Requirement to state quantity of cargo in the bill of lading
Under the Hague and Hague-Visby Rules Article III Rule 3, the carrier must state the quantity of cargo in the bill in accordance with the information provided in writing by the shipper. The statement is prima facie evidence that the ship received that quantity. Under the Hague-Visby Rules the carrier is bound by this statement of quantity where the bill has been transferred to a third party.
Proviso under the Hague and Hague-Visby Rules
However, there is a proviso at the end of Article III Rule 3 that the carrier is not bound to state the quantity of cargo where he has grounds for suspecting that the shipper's figure is not accurate or he has no way of checking it.

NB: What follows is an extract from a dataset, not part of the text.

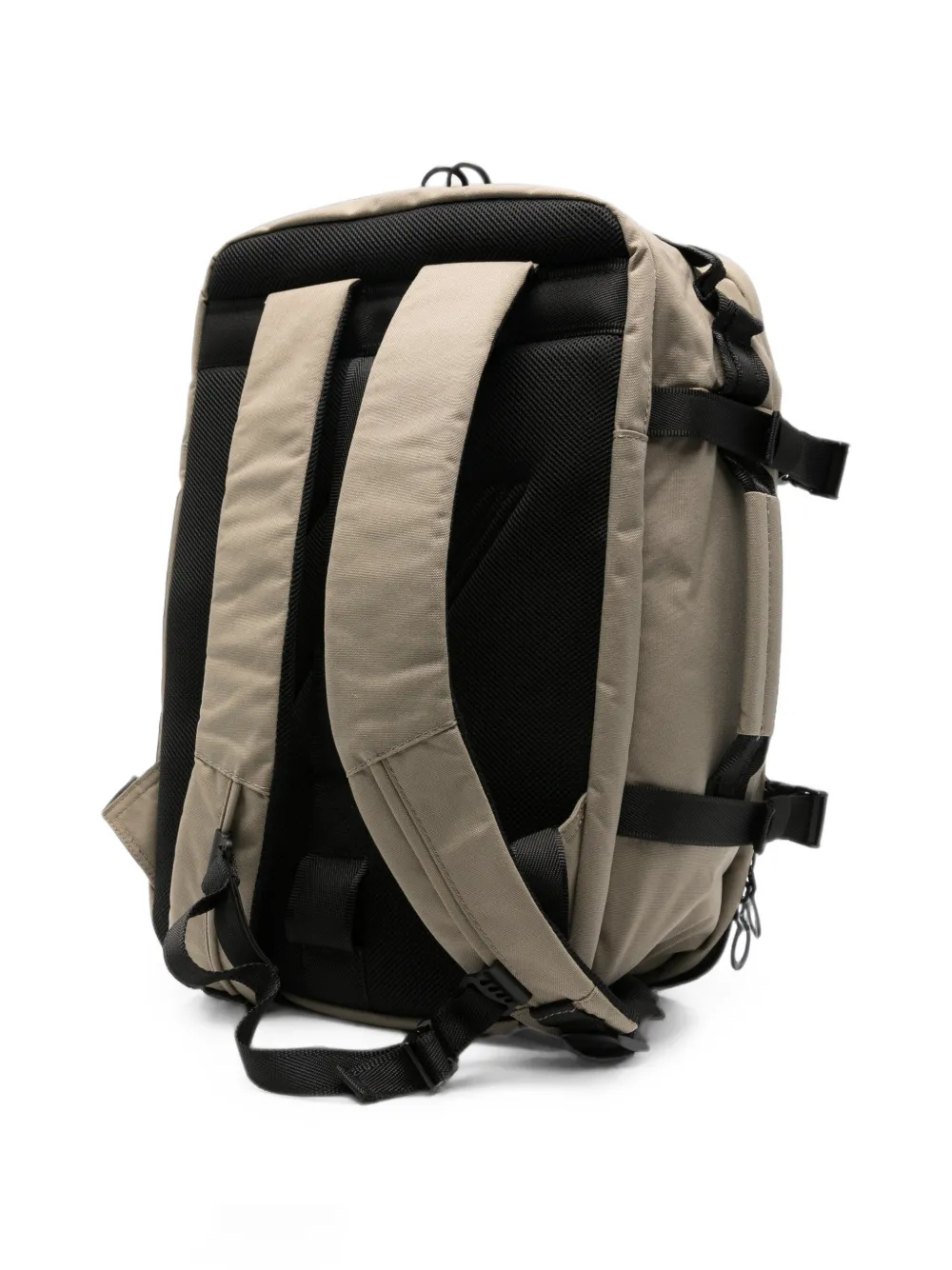 K-Way Salomette rugzak met gespbandje en logoprint Beige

Reservations in the bill of lading
It is common to see reservations made to the statement of quantity in the bill, e.g. "Weight ... quantity ... unknown". Under English Law this has been held to be effective where the master has no means of knowing the quantity shipped, so that other evidence will have to be produced to prove any shortage (New Chinese Antimony Company Ltd v Ocean Steamship Company Ltd  2 KB 644 approved in the 'MATA K'  2 LLR 614). There are however many jurisdictions which will not give effect to such reservations e.g. USA.
Knowledge that the shippers' figure is inaccurate
The master may not be able to rely on the reservation where he knows the shippers' figure is inaccurate. The safer course then is for the master to write the ship's figures alongside the shippers' figures in the bill of lading. Where the discrepancy is so great the bill of lading figure is obviously wrong, it may not be safe even under English Law to rely on the reservation (see the 'SIRINA'  2 LLR 613 at 615).
Where the master is pressured to sign an inaccurate bill of lading
Where physical threats or coercion are used, the master may be forced to sign the bill of lading stating an inaccurate quantity. Once the master reaches a place of safety, he should consider issuing a protest.
Where the charterer relies on a clause stating that bills must be signed by the master as presented, the master is not required to sign bills which are factually incorrect (see the 'BOUKADOURA'  1 LLR page 393).
If commercial pressure is applied by the shipper, the owner may have to consider whether to try to negotiate, accept the commercial risk of signing the incorrect bills of lading or accept a letter of indemnity.
If a letter of indemnity is issued where the bill of lading figure is clearly wrong it will be unenforceable under English Law on the grounds of fraudulent misrepresentation. (Brown Jenkinson v Percy Dalton  2QB 621, 639).
It is also dangerous to sign bills of lading containing inaccurate information as P&I Club cover may be lost.
The law in this area is complex and the consequences serious. It is essential that the Member discuss the position with his P&I Club and lawyers.
Owners' or charterers' bills of lading
If a party is identified on the front of the bill of lading as the 'carrier' on whose behalf the bill has been signed, this is likely under English Law to prevail over printed clauses on the reverse e.g. a Himalaya Clause (the House of Lords in the 'STARSIN' LMLN 611 overturning the Court of Appeal). (See 'case updates').
Where it is a charterers' bill, owners may still be sued in tort or bailment.
The NYPE Inter-Club Agreement (ICA)
Where there is an ICA clause in the charterparty, owners are normally entitled to recover a 50% contribution from charterers for shortage claims. If the shortage was due to cargo handling and Clause 8 has not been amended with "and responsibility", charterers' contribution is increased to 100%.
Shortage resulting from stevedore pilferage or negligence
If the stevedores are responsible for shortage, this may operate as a defence to a cargo claim or the basis of a recovery against charterers, depending on who is contractually responsible for those stevedores.
- Under the bill of lading:
If the bill incorporates the charterparty terms under which charterers are responsible for loading and discharge, under English Law this arguably absolves owners from responsibility for losses resulting from stevedore operations, (see the 'CORAL'  1 LLR 1).
- Under the charterparty:
Where charterers are responsible for loading, stowage and discharge, owners may recover cargo shortage claims from charterers on the basis of breach of contract.
Period of responsibility
Under the Hague and Hague-Visby Rules the carrier's responsibility ceases when the cargo is discharged over the ship's rail. Any shortage after discharge should not be the ship's responsibility (although in practice this depends on having the appropriate evidence in a jurisdiction which applies the Rules properly).
Obviously, evidence is vital in trying to show that there is no real shortage. The ship's draft survey, tallies and independent surveys can prove invaluable. However, the weight they are given depends on the particular legal regime where the claim is brought.